Apabila kasta istri lebih tinggi dari kasta suami
Perkawinan dalam masyarakat Bali dimana kasta istri lebih tinggi daripada kasta suaminya disebut Nyerod. Nyerod dalam bahasa Bali diartikan “terpeleset”. Istri juga akan menjalani proses penurunan kasta sesuai kasta suaminya disebut proses Patiwangi. Dimana setelah melalui proses ini, si perempuan akan dikeluarkan dari golongannya dan tidak berhak lagi atas gelar yang sebelumnya disandang dan tidak diizinkan untuk pulang ke rumahnya (griyanya) lagi. Ada 2 jenis perkawinan Nyerod, pertama jika pengantin laki-laki berasal dari golongan tri wangsa (kasta kesatriya dan Waisya) namun menikahi perempuan kasta Brahmana, maka perkawinannya disebut Alangkahi Karang Hulu(melompati kepala). Kedua, laki-laki dari kasta sudra wangsa dengan pemepuan kasta brahmana disebut perkawinan Asu Pundung(Menggendong anjing). Pada zaman dahulu, perkawinan tersebut dianggap menentang hukum alam, karena diartikan dengan melangkahi kepala para bangsawan Bali. Larangan itupun diperkuat dengan adanya sanksi, yaitu penurunan kasta bagi si perempuan, hukum buang keluar Bali (hukum Selong), hukuman labuh gni dan labuh batu.
Apabila bercerai, si perempuan tidak dapat kembali ke rumahnya (griya) maupun tinggal di rumah mantan suaminya atau disebut Ngutang Raga (Ngumbang), tapi sebaliknya pihak laki-laki dapat kembali ke rumahnya lagi. Selain itu, semua gelarnya tidak dapat dikembalikan lagi sehingga perceraian akan menyebabkan si perempuan menjadi terlantar. Dengan terlantanya si perempuan, maka ia kehilangan segala bentuk Swadikara (hak) dan Swadharma (kewajiban)nya.
Tahun 1951, DPRD Bali melalui keputusan Nomor 11 Tahun 1951 mencabut paswara tahun 1910 yang diubah dengan beslit Residen bali dan Lombok tanggal 13 April 1927 Nomor 532. Isinya bahwa kawin beda kasta sudah dihapus, termasuk meniadakan pelaksanaan upacara Patiwangi.
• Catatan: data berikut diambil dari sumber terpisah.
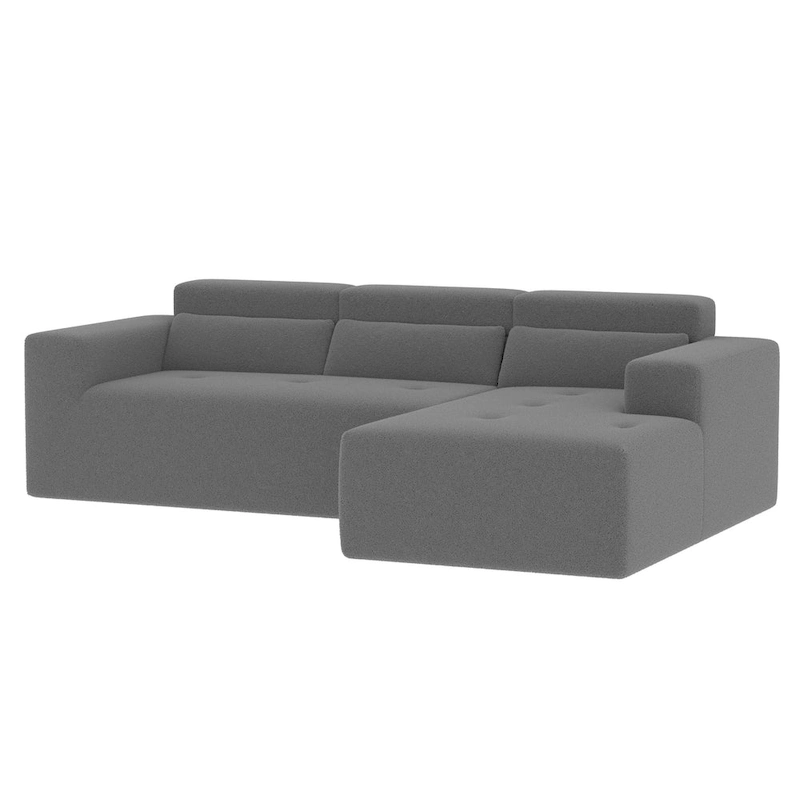 Christopher Knight Home - 109 Modern Modular Sectional Sofa, Teddy Fabric L-Shaped Couch with Chaise & Pillows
Keputusan tersebut juga didukung oleh Pasamuhan Agung Majlis Utama Desa Pakraman (MUDP) yang menjelaskan bahwa perkawinan Nyerod sudah dianggap sebagai perkawinan biasa, dengan prosesi upacara yang dilakukan secara normal.
Dalam masyarakat modern sekarang ini apakah stratifikasi sosial masih penting? Jelaskan!
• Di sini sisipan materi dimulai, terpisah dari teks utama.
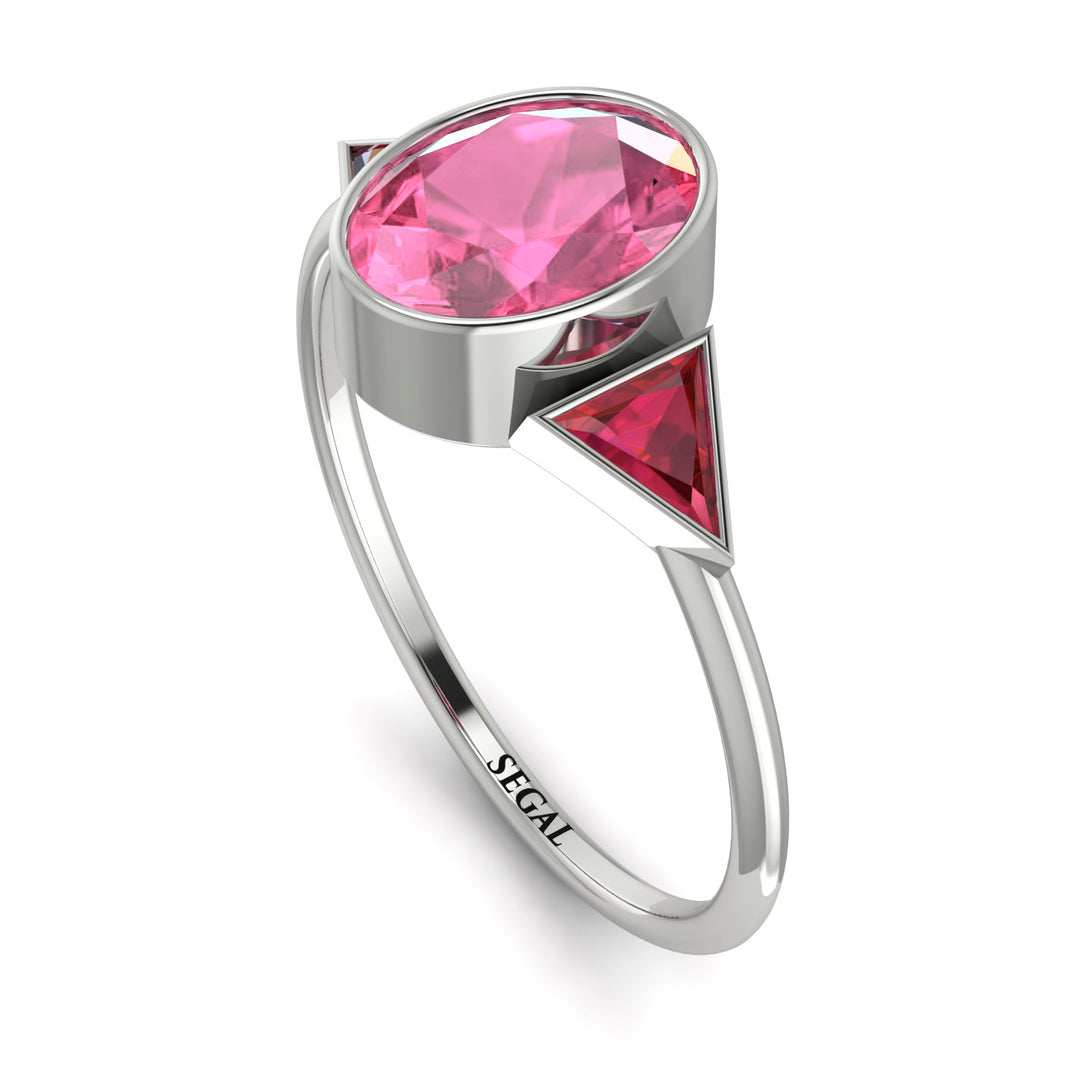 Geometrical Bezel Pink Moissanite Ring - Trinity No. 812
Masih, stratifikasi masih penting dibutuhkan dalam beberapa aspek sebagai penunjang, bukan sebagai bentuk diskriminasi. Dalam lingkungan yang majemuk seperti ini, tentulah tidak mudah bagai suatu negara mengatur kehidupannya untuk mencapai tujuan pada kesejahteraan tanpa melibatkan stratifikasi sosial. Dalam prosesnya, stratifikasi sosial dibutuhkan pada berbagai bidang. Misalnya dalam bidang kesehatan, stratifikasi sosial dibutuhkan untuk mengelompokkan masyarakat yang berhak mendapatkan bantuan kesehatan sebagai jaminan kesehatan dari negara, sehingga diharapkan masyarakat dapat memperoleh jaminan kesehatan dengan seadil-adilnya. Dicontohkan dengan adanya kartu BPJS Kesehatan, dengan kartu tersebut dimaksudkan agar masyarakat mendapat pelayanan kesehatan secara terjangkau. Di kartu tersebut terdapat beberapa tingkatan kelas, yaitu kelas I, kelas II, dan kelas III yang setiap kelasnya memberikan pelayanan fasilitas yang berbeda. Untuk penggolongan pesertanya didasarkan pada tingkat ekonomi, terdapat 2 kelompok yaitu PBI jaminan kesehatan(pesertanya fakir miskin dan org tdk mampu) dan bukan PBI jaminan kesehatan(pesertanya pekerja penerima upah dan anggota keluarga).
Selain itu, stratifikasi sosial juga berguna dalam mengatur posisi sosial di masyarakat. Posisi-posisi penting di masyarakat akan membutuhkan orang-orang yang ahli atau terkemuka di tiap bidangnya. Kualifikasi tertentu menjadi penyaring yang membedakan posisi setiap orang. Dalam hal ini, pendidikan sosial yang tinggi akan membuat kedudukan sosial menjadi tinggi.